I have the pleasure of watching my son and his evolving relationships with his dad and step-dad. I am fortunate to bear witness to their triumphs and struggles, wins and losses, laughter and tears. I understand the inherent value of a healthy, positive father-son relationship, and do all I can do encourage it.
I was intrigued by this interesting article posted by the Georgia Psychological Association, where Dr. Williams writes about the varying stages of father-son relationships. He says boys often idolize their dads as children, “experience a period of discord” in their teens, begin to evolve as young adults, move into acceptance in their 30s-40s, and eventually “become a legacy of their father’s influence for better and worse” when they reach their 50s and beyond. Seeing my son step onto the path to maturation, I am keenly aware of the need to develop positive habits, some of which need to learned from his father(s). In his case, I am hopeful for a virtuous legacy.

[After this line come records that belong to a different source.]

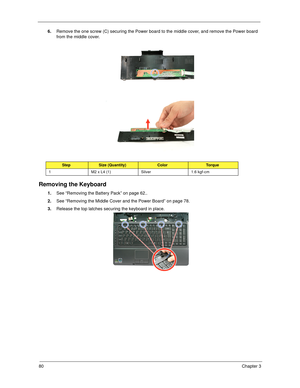 Page 9080Chapter 3
6.Remove the one screw (C) securing the Power board to the middle cover, and remove the Power board 
from the middle cover.   
Removing the Keyboard
1.See “Removing the Battery Pack” on page 62..
2.See “Removing the Middle Cover and the Power Board” on page 78.
3.Release the top latches securing the keyboard in place.
StepSize (Quantity)ColorTo r q u e
1 M2 x L4 (1) Silver 1.6 kgf-cm
SG_Tangiz.book  Page 80  Tuesday, July 10, 2007  11:01 AM 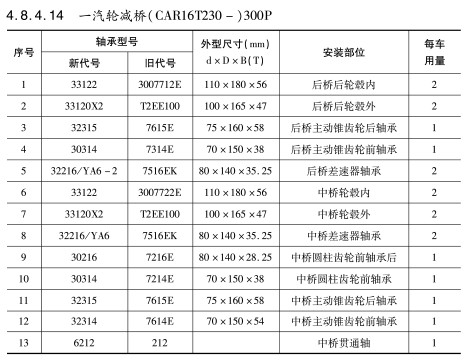 一汽(qì)輪減橋(qiáo)（CAR16T230—）300P軸承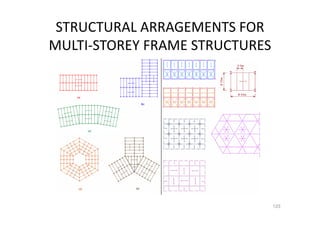 STRUCTURAL ARRAGEMENTS FOR
MULTI-STOREY FRAME STRUCTURES
123
 
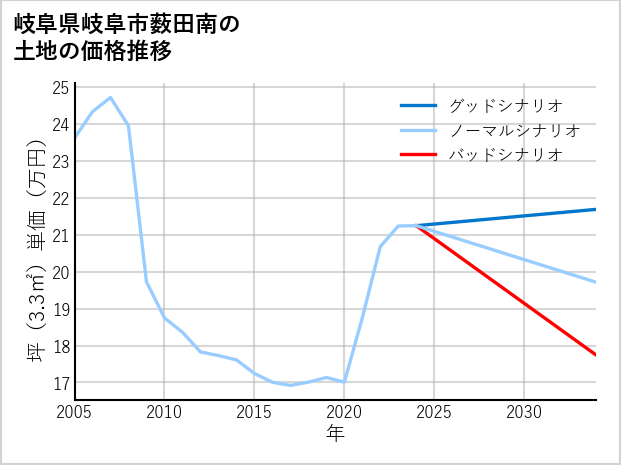 岐阜県岐阜市薮田南の土地価格推移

The dynamic between dads and daughters is compelling: Some say girls grow up to marry a version of their dads, while others might carry the nomenclature of “Daddy’s Little Girl” well into their adulthood. There are those, too, who take on the mother figure when mom is absent and dad is left to raise the family on his own. Lastly, there are those whose fathers bailed out, leaving their daughters bereft of a solid, male figurehead. Clearly, things can get complicated. How we manage the complications and find ways to make them palatable is where our recovery work comes in. As a woman whose relationship with my father is tenuous at best, the tools of my recovery have become invaluable. Learning to let go, learning not to take things personally, learning to remove the ego from the pain of abandonment, and learning to accept that I am sufficient, have become essential. Without these factors, I risk drowning in emotion, a perilous position for any alcoholic/addict.
So, regardless of your relationship with your dad, be it adoring or nebulous, being in recovery gives us the opportunity to develop some kindness and compassion and teaches us how to put it all to good use. (This may actually mean setting a boundary and showing compassion to yourself in some cases!). As we work the steps, we are given the opportunity to change our unskillful behaviors through taking action. After inventories, which require inward reflections, we begin to change our viewpoint and begin taking the appropriate actions toward making positive changes in our relationships with others. It’s the beginning of a lifelong process that teaches us to lesson our expectations, which ultimately increases our ability to accept things as they are.
May this this Father’s Day bring some healing to your hearts and lives. And may you celebrate with an open heart and a compassionate mind, one breath at a time.